Il est utilisé au sens propre.
Ex. avoir bon cœur .
Cette expression signifie être généreux; le
mot cœur est utilisé au sens figuré.
Comment expliquer qu’un même mot ait un sens
propre et un ou des sens figuré(s) ?
L’existence des sens figurés dans une langue
répond à deux exigences fonda- mentales :
1- Une nécessité d’économie : si
chaque mot ne possédait qu’un seul sens, les mots d’une langue seraient
innombrables.
2- Le besoin qu’a notre esprit
de recourir au concret quand il veut se représenter des abstractions, se
les figurer. Ainsi, on dira d’un homme droit qu’il s’attache à la
vérité, qu’un écrivain manque d’inspiration, etc.
/I/ Les changements de sens
Le sens propre d’un mot est
aussi appelé : sens premier. C’est à partir de ce sens premier que
l’emploi s’est étendu à d’autres domaines et que le mot a pris un ou des sens
figuré(s).
Parfois, le sens premier du mot a été oublié; seul
le sens figuré est resté dans l’usage.
Ex. le mot «tête» vient du
latin testa qui signifiait «pot de terre»
!
L’emploi du mot au sens figuré est dû à la
ressemblance de forme qui existe entre un pot de terre et...une tête ! Mais
cette association a été rapidement oubliée et le mot n’est passé dans la langue
que dans son sens figuré.
Dans la plupart des cas, sens propre et sens
figuré coexistent, chacun s’appliquant à un domaine particulier.
Ex. le gel : phénomène
météorologique;
le gel des armements : l’arrêt de la course aux
armements.
Généralement, nous n’avons plus conscience du
passage du sens propre au(x) sens figuré(s); nous employons le mot tantôt au
sens propre, tantôt au sens figuré, selon le contexte, comme s’il s’agissait de
deux sens tout à fait différents.
Ex. cette viande est tendre
; cette maman est très tendre avec ses enfants.
L’existence d’un sens propre et d’un sens figuré
est un cas particulier de la polysémie d’un mot.
/II/ Le passage du sens propre
au sens figuré
Les cas les plus fréquents de passage du sens
propre au sens figuré sont:
a. le
passage de la réalité concrète à la notion abstraite.
Ex. endosser un manteau = le mettre à son dos, le
porte
endosser la responsabilité = la
prendre à son compte, l’assumer.
b. le
transfert par analogie ou ressemblance.
Ex. les dents a) sens premier :
celles de la mâchoire;
b) sens figuré : celles du peigne, du râteau,
etc.
c. le
transfert par analogie entre deux sensations.
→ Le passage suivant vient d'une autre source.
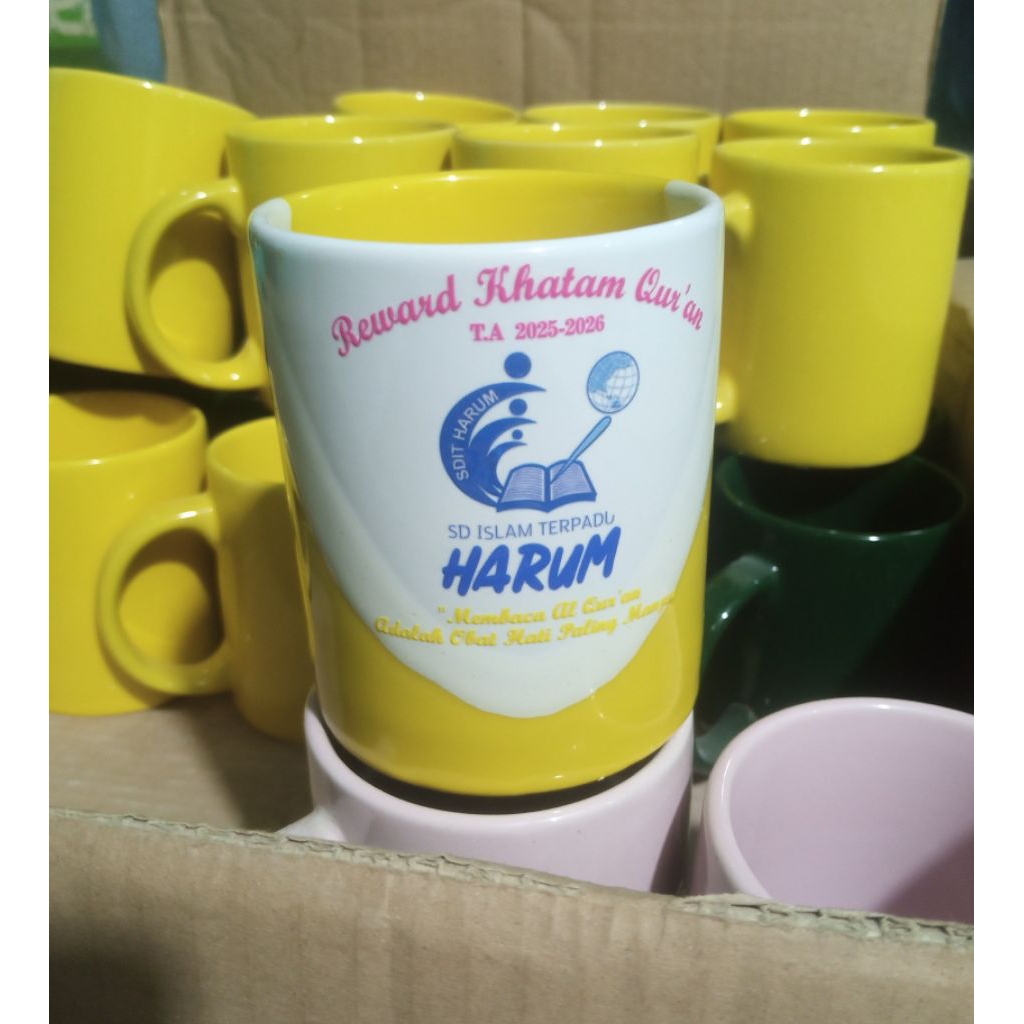 (souvenir)custom mug/gelas/cangkir keramik,sovenir aqiqah ,sovenir pernikahan dll.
Ex. Un spectacle savoureux, un
ton sec.
A l’origine de ces emplois figurés, il y a le plus
souvent une métaphore, c’est-à-dire une image qui associe deux réalités
entre elles en les comparant de façon sous-entendue.
Dans la plupart des cas, le sens figuré est une
métaphore passée dans l’usage et qui n’est plus perçue comme une création
originale.
Pourtant, le sens figuré peut parfois être «rajeuni»
:
- Il est des parfums frais comme des
chairs d’enfants,
- Doux comme les hautbois, verts comme les
prairies[...] (Baudelaire)
Ces vers suggèrent des « correspondances » entre les différentes sensations et donnent aux adjectifs que
nous avons mis en italique une grande richesse sémantique (c’est-à-dire
une grande richesse de signification).